Boys! Kau lihat pohon yang paling tinggi di hutan! Pohon ek, menjadi paling tinggi di hutan bukan serta-merta karena ia bawaan bibit atau paling gigih untuk menjadi tinggi. Pohon ek menjadi tinggi karena “kebetulan” tidak ada pohon lain yang menghalagi sinar matahari kepadanya, tanah sekelilingnya dalam dan subur, tidak ada tikus atau babi hutan yang mengegogoti kulit kayunya ketika masih kecil, dan tidak ada Blandong yang menebangnya sewaktu kecil. Mustahil pohon ek menjulang tinggi jika tumbuh di dinding batu cadas atau sawah. Saya harap kau paham dengan analogi ini.

Membaca kisah ini, membangkitkan luka lama yang pernah saya alami 23 tahun silam, berselang 3 tahun dari setting kisah ini.

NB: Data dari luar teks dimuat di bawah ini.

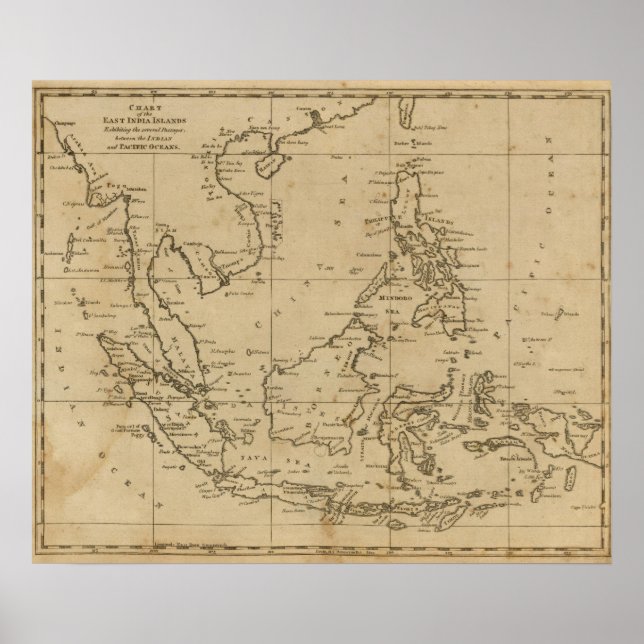 Póster East India Islands (Frente)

Boys, saya juga punya cita-cita kuliah di PTN. Meski tidak semuluk Alif Fikri yang ingin jadi ahli Pesawat Terbang, kuliah di Kampus dengan gapura patung Ganesha itu. Sederhana saja, awalnya saya ingin kuliah di UGM, alasannya ingin belajar kepada Amien Rais, yang beberapa kali tulisannya pernah saya baca di Panji Masyarakat. Namun mengukur kemampuan otak dan kemampuan keuangan orang tua rencana itu beralih ketika kelas 3 SMA kami dari sekolah berkunjung ke Universitas Andalas. Kampus yang terletak di Limau Manih. Di bebukitan dengan udara yang sejuk. Gedung-Gedung dengan desain Art Deco berwarna abu-abu. Jarak antar gedung yang lumayan jauh dengan topografi bertingkat-tingkat. Gedung satu dan lainnya terpisah oleh lereng-lereng dan bebukitan yang ditanami oleh pinus berjejer secara rapi yang menjulang tinggi membuat saya semakin terpesona sore itu. Saya membayangkan diri sebagai mahasiswa yang membaca sambil rebahan di rerumputan di bawah pohon pinus yang tumbuh di lereng-lereng bukit.

Harapan itu sirna ketika pada sebuah sabtu pagi kelabu 29 juli 1995. Malamnya saya menginap di rumah Ungku Aciak di Tarandam. Pagi saat sarapan, koran datang. Kami keluar dan membuka halaman koran di teras. Diantara ribuan nomor yang dituliskan di Harian Singgalang, tak satupun nomor peserta ujian UMPTN-ku tertulis disana. Setelah ulang beberapa kali dengan mengurutkan nomor lebih teliti, tetap nihil. Saya lemas tak berdaya. Dunia terasa sempit dan gelap. Belajar secara marathon sejak lebih dari setahun belakangan dan bimbingan belajar di Adzkia hampir dua bulan dengan berkali-kali tray out terasa sia-sia. “Masuak Fakultas Teknik barek persaigannyo, cubo masuk Ekonomi atau Sospol lulus ang mah” Ungku Aciak menyela, namun tak saya hiraukan lagi.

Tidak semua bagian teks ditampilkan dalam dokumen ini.